65% of financial industry organisations suffered ransomware damage in 2023

New Zealand Security Magazine - Update

Ransomware
Ransomware wreaking havoc. Image: Unsplash.

Although ransomware attacks dropped globally by 36% to 317.6 million in 2023, the financial industry is still plagued by malicious software, according to new data.


According to data compiled by Stocklytics.com, almost 65% of financial organisations worldwide reported experiencing a ransomware attack in 2023, significantly more than just two years ago.

Ransomware attacks double in two years

Although a lot has changed since the WannaCry ransomware attack in May 2017, with companies and organisations taking various security measures and boosting their cyber security budgets, ransomware remains one of the leading types of cyberattacks globally.

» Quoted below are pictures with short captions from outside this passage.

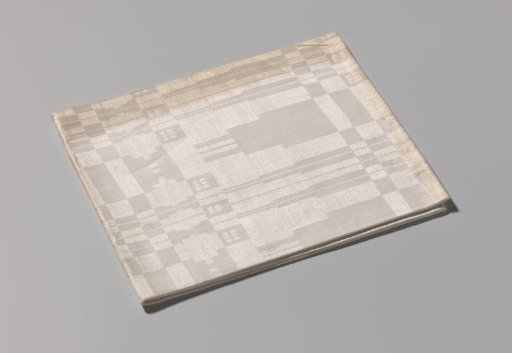 Linen napkin with pelican pattern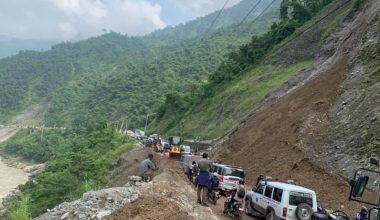 नारायणगढ-मुग्लिन सडक फेरि अवरुद्ध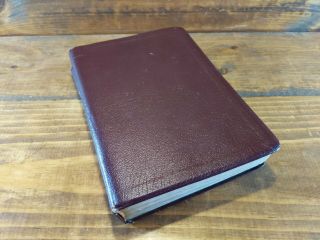 VTG Ryrie Study Bible American Standard Red Letter ED.  1978 Leather Bound 2
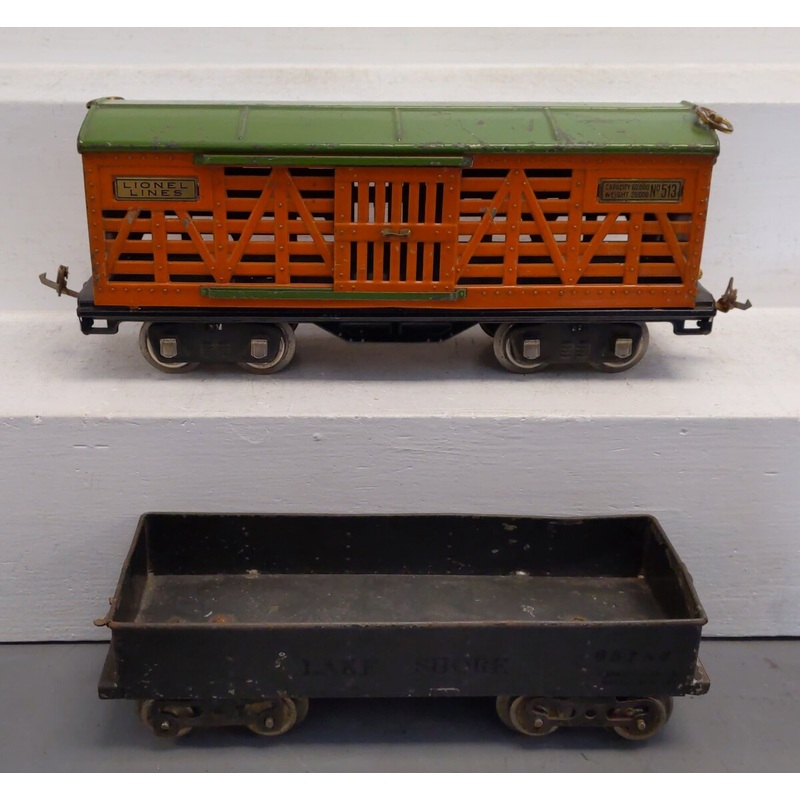 Lionel Vintage Standard Gauge Freight Cars: 112, 513 [2] VG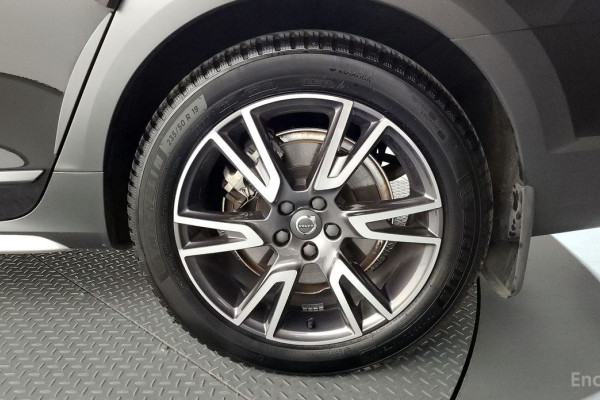 2018 Volvo V90 Cross Country с пробегом 92 527 км
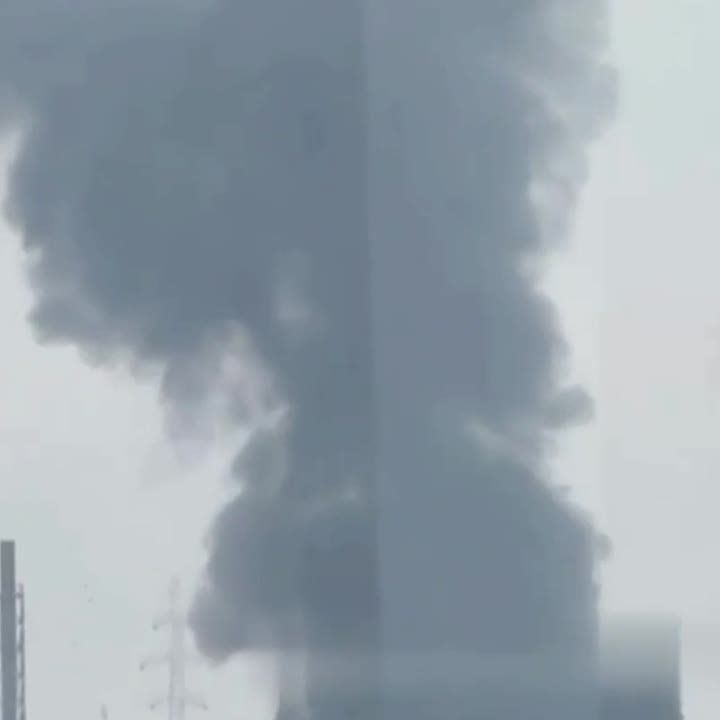 В Днепропетровске пожар в промзоне после взрывов, пишут местные паблики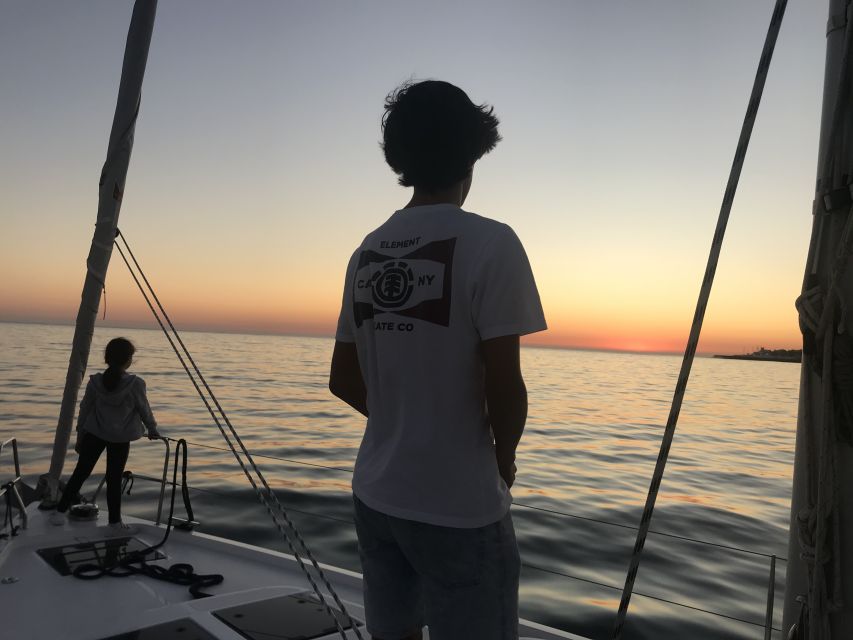Cascais: 2-Hour Private Luxury Sunset Cruise with a Drink - Key Highlights at a Glance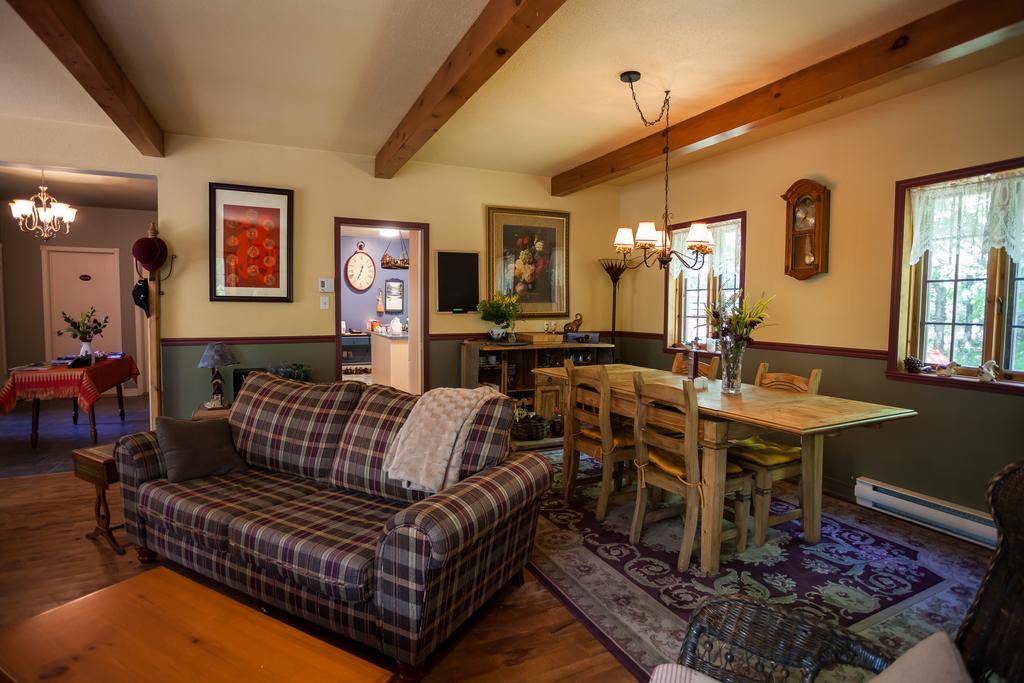 Bed & Breakfast La Chaumiere De L'anse Mont-Tremblant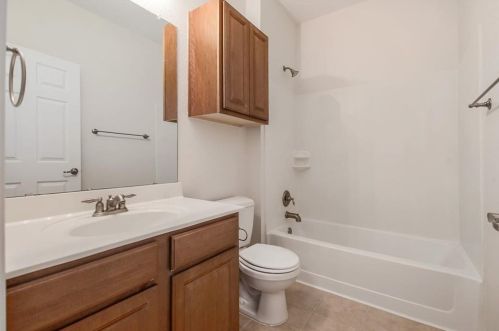 11000 Boundless Vly Dr, Austin TX  78754 exterior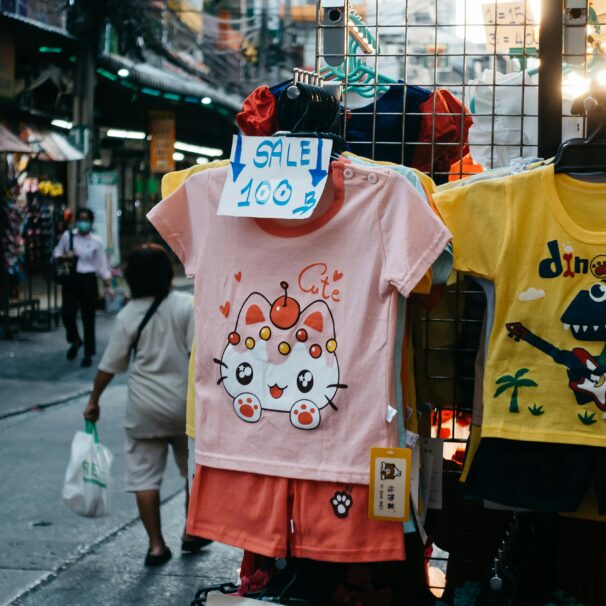 How to Sell Children’s Clothing Online: A Step-by-Step Guide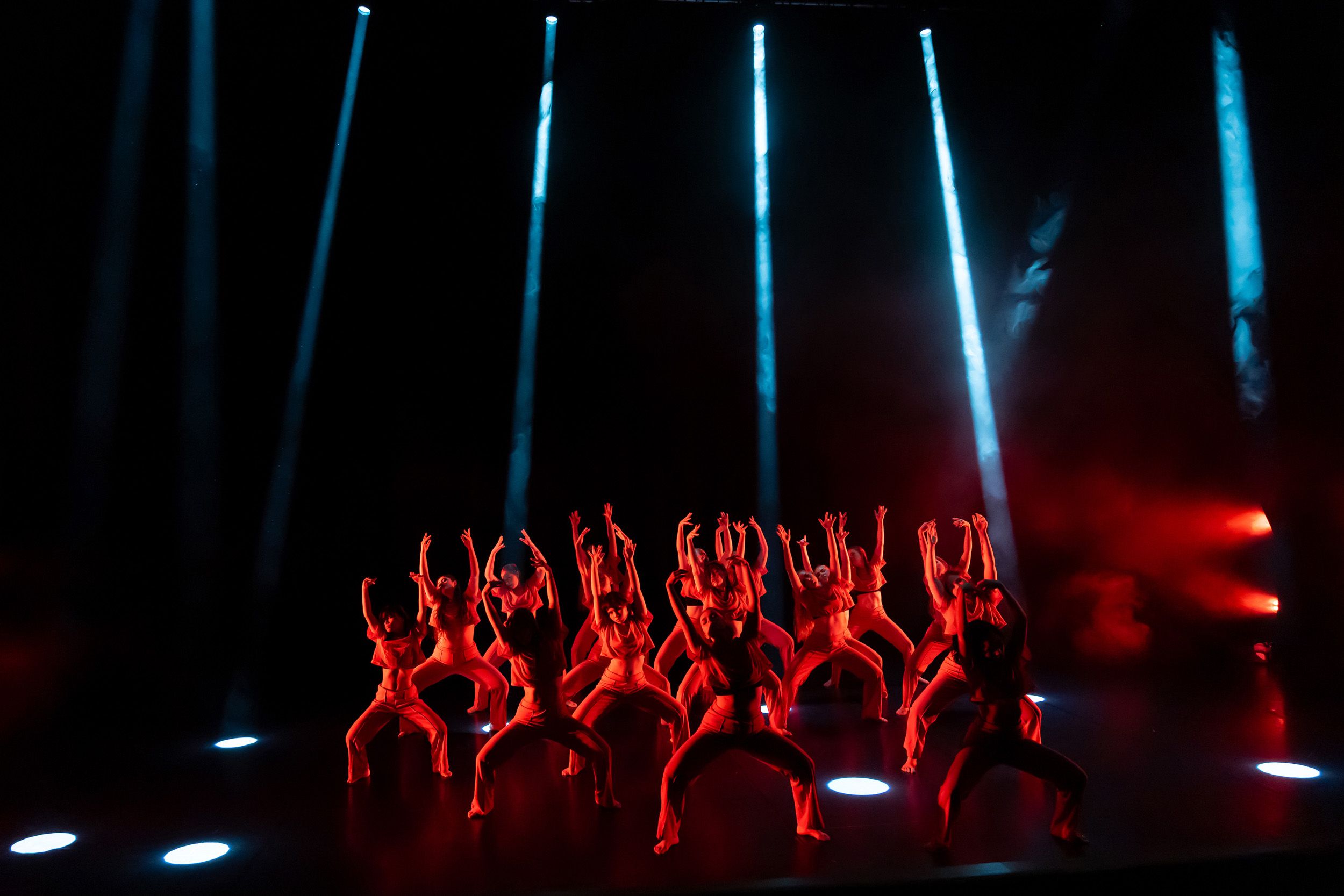 Dans vid KAU (Dansåret och danspedagogiska året på Karlstads universitet) Vårshow 2026 med Systerskap av Karin Lilja. Fotograf Rebecca Nordi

Last year, ransomware made up nearly two-thirds of all reported cyber attacks, and most of them happened in the financial industry, one of the most targeted sectors.

The rise of new technologies, the emergence of ransomware marketplaces, and the easy availability of malware kits used to create new malware samples on demand have made the rate of ransomware attacks in the financial sector skyrocket in the past few years.

Sophos’s State of Ransomware in Financial Services 2023 survey showed just how significant that growth was.

Last year, nearly 65% of financial organisations reported experiencing ransomware, up from 55% in 2022 and almost double the 34% reported by the sector back in 2021. Although the industry experienced an increased attack rate, it was still below the cross-sector average of 66%.

Furthermore, financial services reported the highest encryption level in the last three years. In 2023, 81% of financial organisations stated their data were encrypted, way up from 54% reported a year before.

Statistics also showed that only one in ten attacks were stopped before the data was encrypted, the second lowest rate across all sectors included in the survey.

40% of attacked organisations paid ransoms of $1 Million or more

Exploited vulnerabilities and compromised credentials were the two most common causes of ransomware attacks in the financial services sector in 2023, with 40% and 23% shares, respectively. Phishing ranked as the third most common cause, with a 33% share in total attacks.

The survey also showed that while ransom payments dropped, the average payment amount skyrocketed. In 2023, 43% of financial services organisations paid the ransom to recover their encrypted data, down from 52% a year before.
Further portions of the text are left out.